• **Supplied information**:
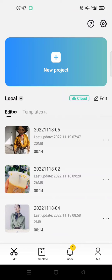Hey guys, back with me again in this channel. On today's tutorial, I'm gonna show you how you can solve the CapCut template button not showing problem.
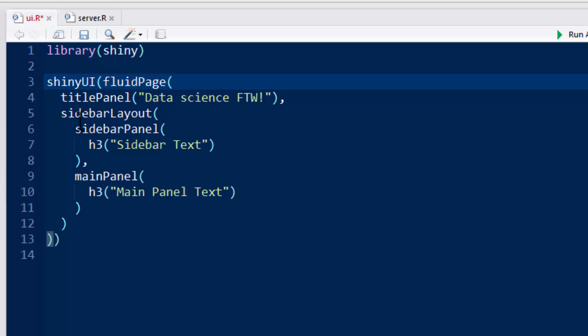And then by default in the fluidPage, it's got a main panel and a side panel. So here, we're going to give it the sidebarLayout. So it's just saying what's going to occur in the sidebar. So the sidebarPanel is going to tell us what's going to occur in the sidebar.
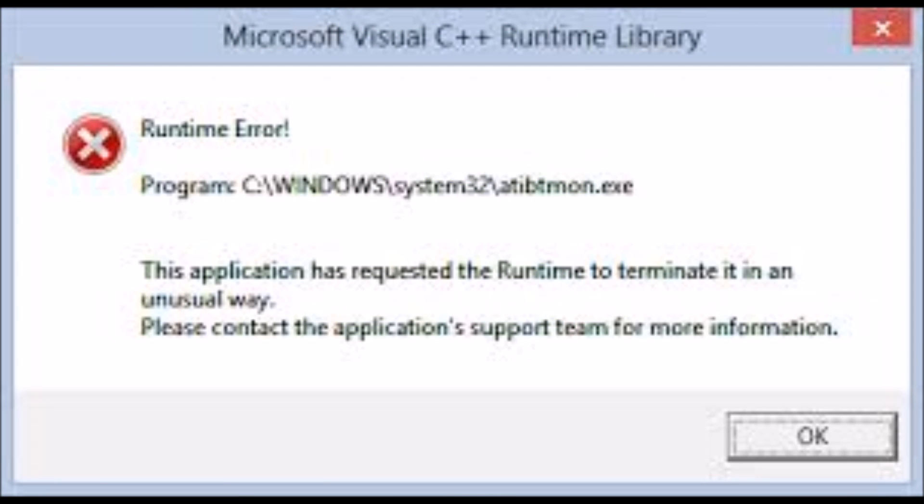This is the error that I was getting. It's a runtime error that has to do with my display. After a little research, I figured it out.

• **What you are asked to do**:
Without including any image, reproduce the full listing above as written.

• **Answer for this exercise**:
Hey guys, back with me again in this channel. On today's tutorial, I'm gonna show you how you can solve the CapCut template button not showing problem.
And then by default in the fluidPage, it's got a main panel and a side panel. So here, we're going to give it the sidebarLayout. So it's just saying what's going to occur in the sidebar. So the sidebarPanel is going to tell us what's going to occur in the sidebar.
This is the error that I was getting. It's a runtime error that has to do with my display. After a little research, I figured it out.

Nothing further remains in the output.